Posted by: Mark Schmitt | May 31, 2005 at 21:54
If we had to expend impeachment energy, which I'm not so sure is a good idea in any case for the reasons you lay out, sub-presidential impeachment is where all of our efforts should be focused. Leave Shrubya alone, just take away the head (Karl, Unka Dick, Rummy, Condi) and leave the shriveled corpse to flail about and decay there in the oval office.
Posted by: TX Expat | May 31, 2005 at 22:06
TX Expat
You've given me a whole new enthusiasm for impeachment!
Posted by: emptywheel | May 31, 2005 at 22:58
And you didn't even mention the possible biggest scandal...two stolen elections.
If we knew on Nov 10 that the Diebold machines had been rigged, if we had witnesses and documentation, and undeniable proof of Bush/Rove knowledge and complicity, Bush still would have served four years. Which is why I think the MSM never bothered to investigate Ohio very deeply.
Posted by: bob mcmanus | May 31, 2005 at 23:00
Mark,
I was hoping that a theory that made more sense might arise from this. While it's highly unlikely that the wider GOP rank-and-file had any positive plan for impeachment-proofing, it does make a certain amount of sense that the public's fatigue can generate this immunity organically.
What a depressing thought, though, that we've gotten to the point that simply not being impeached or otherwise rejected will get a major airport named after you, move people to try to make your birthday a national holiday, and put you on the currency.
Posted by: Kagro X | June 01, 2005 at 08:31
Mark, Kagro, you've got to add the war mentality to this. Absent 9/11 and the patriotic shell game, it is difficult for us to see the 'what might have beens' might have been. To put it differently, impeachment after 2000 but before 9/11 would not have been as difficult (assuming, of course, completely documented evidence) as now. We misunderestimated this sentiment in 2004.
Posted by: DemFromCT | June 01, 2005 at 09:18
Frankly, I don't really care about impeachment at all in this matter -- I think the important part is to hammer away at Bush's "integrity" level, his status as "likeable," a "good leader." Bring up more evidence of the activities of Bush's "associates." Imperil their images.
Posted by: newswriter | June 01, 2005 at 10:42
Dem,
9/11 undoubtedly made impeachment, and indeed all criticism, more difficult to discuss, but what I'm wondering about was whether it was off the table even before then.
Indeed, those with the tightest tin foil hats would probably argue that the events of 9/11 themselves (or at least the administration's reaction to it, if you've got a somewhat less snug-fitting topper) was made possible by a feeling, grounded or not, of invincibility.
But without getting into the more outlandish sort of speculation, what I was driving at was the possibility that the "courage" to perpetrate some or all of the things which might in fact have been impeachable offenses comes from the knowledge that the country has no stomach left for impeachment.
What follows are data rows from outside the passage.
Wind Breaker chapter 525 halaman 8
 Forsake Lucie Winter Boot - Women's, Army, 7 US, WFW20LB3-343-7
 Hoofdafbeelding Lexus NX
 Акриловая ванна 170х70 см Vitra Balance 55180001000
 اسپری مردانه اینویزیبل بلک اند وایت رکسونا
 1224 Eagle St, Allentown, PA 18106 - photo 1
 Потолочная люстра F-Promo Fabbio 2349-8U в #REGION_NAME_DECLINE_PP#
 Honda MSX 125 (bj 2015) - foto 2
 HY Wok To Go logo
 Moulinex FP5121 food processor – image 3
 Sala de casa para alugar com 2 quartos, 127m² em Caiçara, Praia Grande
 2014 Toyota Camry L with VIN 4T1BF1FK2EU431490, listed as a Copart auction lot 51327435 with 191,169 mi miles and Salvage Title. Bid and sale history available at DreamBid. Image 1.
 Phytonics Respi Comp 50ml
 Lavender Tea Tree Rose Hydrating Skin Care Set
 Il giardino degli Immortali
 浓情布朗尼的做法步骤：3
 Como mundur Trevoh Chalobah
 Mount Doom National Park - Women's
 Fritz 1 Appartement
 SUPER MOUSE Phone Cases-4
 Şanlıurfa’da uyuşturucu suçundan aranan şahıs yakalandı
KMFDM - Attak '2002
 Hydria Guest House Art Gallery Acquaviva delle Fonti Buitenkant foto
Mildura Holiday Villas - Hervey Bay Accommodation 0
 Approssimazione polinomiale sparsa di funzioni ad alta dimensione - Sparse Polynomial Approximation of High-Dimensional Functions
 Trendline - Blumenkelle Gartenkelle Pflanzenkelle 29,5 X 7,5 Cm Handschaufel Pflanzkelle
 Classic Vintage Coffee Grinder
Posted by: Kagro X | June 01, 2005 at 11:15
Soap, Ballot, Jury. . .
What's left?
Posted by: tekel | October 08, 2007 at 23:50
I see someone else also wound up back here -- probably the same way I did, linking from a recent post.
All I can say is... over two years later, with a supposedly Democratic-controlled Congress, with Reid and Pelosi in charge, the original post and many of the comments here seem downright prophetic. Which makes Reid and Pelosi... pathetic.